11/22/12: The Little Room

There's this little room, a staircase really, leading from the kitchen to the basement. I had it in my head to put up some pegboard and turn it into extra kitchen storage. Easy, right? Here's the before:



Notice prime pegboard wall space on the left.


I had picked out a nice light green for the room. After priming and painting two coats of green, the walls bore a strong resemblance to neon barf. See for yourself, below. So, after agonizing about whether to go through the trouble of redoing it, I buckled down and got a can of white and started painting it all over again, for a grand total of five coats of paint (primer, two coats of barf, and two of white). The picture below shows the white going over the neon barf in one of the top corners:


 Right, so on to the pegboard. Scored some big sheets of new, khaki colored pegboard at our local used construction supply store for only $7/piece. But it turns out pegboard is fairly hard to cut with a circular saw, as we found out when we shredded and frayed the edges of our two nice pieces of pegboard. Just for fun, we took the hand saw to it, and, surprisingly, that worked great. So, off to construction supply for two more sheets of pegboard. And score one for the old-fashioned hand saw!


Using some 1x2's, we constructed a frame to set the pegboard away from the wall. Frame was then mounted to studs:




Who's that guy?

And finally, up went the pegboard, and all the pots and pans:




Gosh, Little Room, you were the smallest, but surely the fussiest.

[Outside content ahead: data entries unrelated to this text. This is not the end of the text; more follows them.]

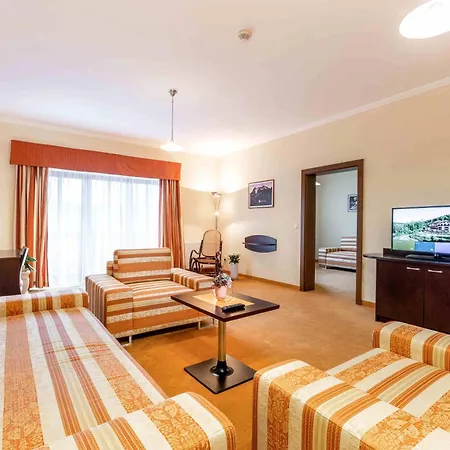 Hotel Studanka 4*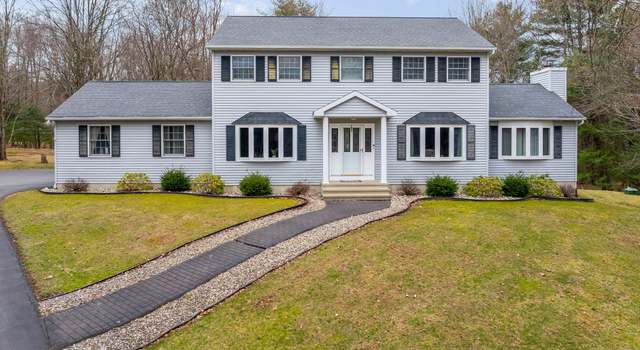Photo of 237 Ridge Ct, Saylorsburg, PA 18353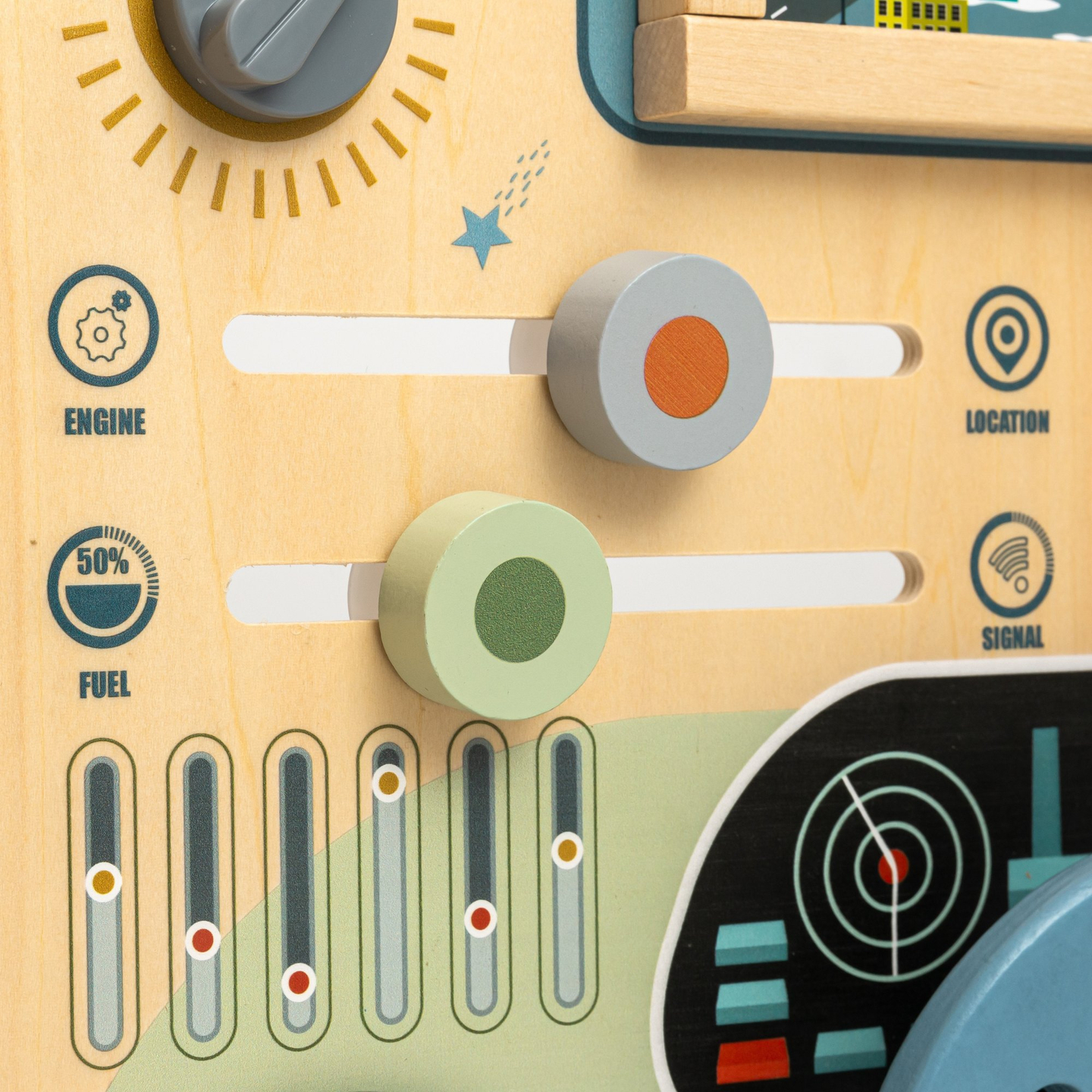 Дървена Монтесори дъска 2 в 1 Кокпит за малкия шофьор и пилот – волан, скоростен лост, карти за пътуване, радар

11/01/12: Cider for All Saints

One of the perks of the house is the space in our basement to make hard cider. Cider-making was tricky in the cramped basement storage area of our apartment building. So, this afternoon, on our day off for the feast of All Saints, we picked up about 100 pounds of apples--Empire, McIntosh, and Idared--from an orchard north of Pittsburgh, and then had them pulped and squeezed at Sally's Cider Press in Zelienople, PA, about 45 minutes away:


You load the apples up a conveyor belt, where they're hosed down as they go up the chute:


Inside, they're ground to a pulp, which is flattened between several boards and then mechanically pressed:

There's Sally!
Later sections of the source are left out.